今年の冬は、歴史と伝統を感じながら、香り豊かなグリューワインで心と体を温めてみませんか?

2.グリューワインを作ってみよう

グリューワインの基本材料

赤ワイン:750mL(渋みがある重めタイプ〜中間がおすすめ)
オレンジ:1個(薄切りにスライスして皮ごと使います)
シナモンスティック:1〜2本(香りを引き出します)
クローブ:4〜6粒(ほのかな甘みと深みが増します)
スターアニス:1〜2個(エキゾチックな香りをプラス)
砂糖またはハチミツ:お好みで(甘さを調整)
オプションの果物:りんごやレモンのスライス

<作り方>
1.香りを引き立たせる準備
鍋にワインを入れ、弱火で温めます。

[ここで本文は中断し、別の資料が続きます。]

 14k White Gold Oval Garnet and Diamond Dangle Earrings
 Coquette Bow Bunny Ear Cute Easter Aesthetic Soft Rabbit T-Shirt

沸騰させないよう、ゆっくりと火を通すのがポイント。沸騰させてしまうと、アルコール分とともに香りも飛んでしまうため、温かい状態を保つようにします。

2.スパイスと果物を加える
ワインが温まったら薄切りにしたオレンジ、シナモンスティック、クローブ、スターアニス、好みでリンゴやレモンを鍋に加えます。スパイスや果物から豊かな香りが引き出され、部屋中が甘く優しい香りに包まれます。香りのバランスを見ながら、好みの量に調整しましょう。

3.甘さを調整する
お好みで甘さを加えます。味をみながら、砂糖やはちみつを少量ずつ加えましょう。はちみつを使うと、よりコクのある仕上がりになります。

4.味をなじませる
弱火で15~20分ほど煮込み、スパイスと果物の香りがワインにしっかりと溶け込むのを待ちます。火加減に気を配り、時々軽くかき混ぜながら、グリューワインがマイルドで温かい香りに仕上がっていくのを楽しみましょう。

5.グラスに注ぐ
果物やスパイスを一度取り除き、暖かいまま耐熱グラスやマグカップに注ぎます。シナモンスティックを飾ると、見た目も華やかに仕上がります。

生の果物は皮ごと使用するので無農薬のものがおすすめ。もし手に入らない場合は、使用前に皮をしっかりと洗いましょう。
スターアニスやシナモン、オレンジの皮は体を温める効果があると言われているので、寒い冬にはもってこいの食材です。また、シナモンの香りは気持ちを穏やかにする効果も期待できるため、リラックスしたい日におすすめです。

今回は定番の赤ワインでの作り方をご紹介しましたが、白ワインやロゼワインを使うとまた違った風味のグリューワインが作れますよ。ぜひ、自分好みのグリューワインを作って楽しんでみてくださいね。

3.手軽にできるグリューワイン

グリューワインに使用する赤ワインは、高価なものでなくてOKです。中価格帯のものや、家庭で飲み切れずに残ってしまったワインを活用することも可能です。
しかし開栓から日数が経っているワインは、酸化して味が落ちていたり、風味が悪くなっているのでやめましょう。スパイスは、粉末タイプではなくホールタイプを使用してください。飲んだ時の風味や香り、口当たりがまろやかになりますよ。
また、スパイスは使いすぎにご注意を。きちんと分量を守ることで、バランスの取れた美味しいグリューワインに仕上がります。

グリューワインは冷めると美味しさが半減するため、できるだけ温かい状態でいただきましょう。
飲む瞬間にオレンジの香りやスパイスがふんわりと鼻に抜けるので、深呼吸して香りも一緒に楽しむのがおすすめです。いかがでしたか?
冬の寒さにぴったりのグリューワインは、体の芯まで温まり、ホリデーシーズンの気分を盛り上げてくれます。この冬は、自家製の香り豊かなグリューワインと一緒に、リラックスタイムを過ごしてみてはいかがでしょうか。